More info and reflections
The epidemics has an epistemic dimension. Phylosophically, the idea of “evidence-based medicine” (or -policy, or -whatever), forgets that evidence, in science, is not dogma. It is the opposite of dogma; it comes in to change, and enrich, our way of thinking. It renegotiates the analysis of the situation with respect to the rest of reality. In an interlocked system, reality has many ways to kill you: if you shut down the economy to fight the epidemics, people might die anyway, because infrastructures fall into disrepair. It does make sense to weigh the health benefits of lockdown against its economic costs. This is not necessarily the same thing as being inhuman, or greedy.
- Marco talks to firstline doctors, who are completely lost.
- Simona is more focused on the mistakes made at the level of health education (what are vaccines, how do they operate?) and community engagement (people only see repression, and repression is the only thing there is because there was no preparedness, no participation in creating contingency plans etc.). Guidelines exist (not obviously for this virus, but for similar hypothetical vira); community experiences also exist (Ebola), but they were not applied.

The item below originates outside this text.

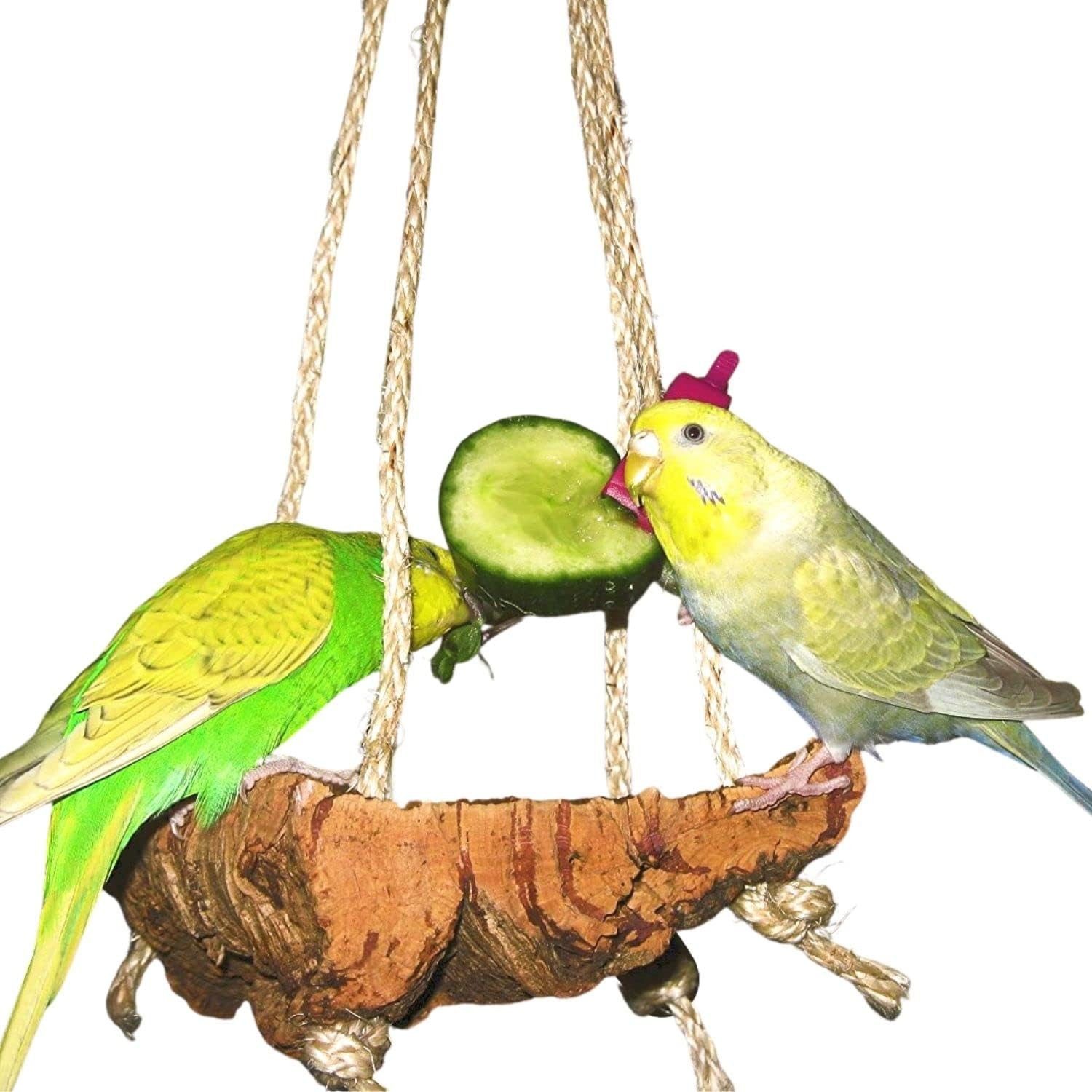halmland Vogelspielplatz Korkschaukel Wellensittich Vogelschaukel aus Kork Vogelzubehör von halmland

- There is a medical level and a societal level. At the medical level, doctors take orders from bosses. At the societal level, society takes advice from doctors. Or it should. Instead, a repressive system kicks in: staying in is bad for health, but it makes police control easier. Hospital doctors, in Italy, have underwritten this idea, that has no medical grounding whatsoever. However, society pushes back: we only see repression, we do not see active work waiting for solutions, and this reduces the legitimacy of the leadership.
- Infodemic: super high levels of noise make it really difficult to know what is true. The masks debate is exhibit A.